A retro-reflector is basically a bunch of mirrors arranged such that, regardless of the angle light strikes it, it reflects that light straight back to the source. If you want to learn more about how they work, see this link. By the time these devices were deployed, scientists also had lasers powerful enough for detectors to “see” the returning pulse of light, and atomic clocks to measure the time with very high accuracy. It is currently possible to measure the distance to the Moon with a precision of about one millimeter (about 1/25 of an inch).
My animation simulates, to correct scale, a 1.0 second laser pulse fired from Earth and reflecting back from the Moon in approximately real time. It also shows something many people find surprising: When you fire a laser (or any beam of light) for one second, and then turn it off, that 299,792,458 meter long beam continues to travel independent of its source.

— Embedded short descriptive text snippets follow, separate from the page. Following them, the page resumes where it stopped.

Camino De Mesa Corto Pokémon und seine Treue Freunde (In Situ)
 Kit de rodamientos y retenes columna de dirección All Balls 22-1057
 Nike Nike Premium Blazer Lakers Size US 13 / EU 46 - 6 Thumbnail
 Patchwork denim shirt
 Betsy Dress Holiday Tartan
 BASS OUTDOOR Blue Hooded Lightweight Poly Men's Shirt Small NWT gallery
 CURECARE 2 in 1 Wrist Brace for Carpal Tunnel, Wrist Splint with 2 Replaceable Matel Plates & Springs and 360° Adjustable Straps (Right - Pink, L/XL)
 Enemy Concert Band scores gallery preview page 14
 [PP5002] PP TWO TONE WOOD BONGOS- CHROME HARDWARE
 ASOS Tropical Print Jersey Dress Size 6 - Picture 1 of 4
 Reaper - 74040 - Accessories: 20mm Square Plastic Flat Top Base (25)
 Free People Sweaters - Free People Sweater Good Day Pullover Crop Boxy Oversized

Scientists are still using these retro-reflectors to monitor the distance to the Moon. They’ve found that the Moon is slowly spiraling away from the Earth by about 3.8 cm each year. The reason for that is beyond the scope of this post, but it has to do with gravitational interactions. Theory suggests that, when the Moon and Earth reach the point where the length of a day (which is also slowly increasing) equals the orbital period of the Moon, the system will reach equilibrium. That won’t happen until around 50 billion years from now, so barring some cosmic catastrophe, we’ll continue enjoying the sight of our nearest neighbor in space for the foreseeable future, albeit at greater and greater distances.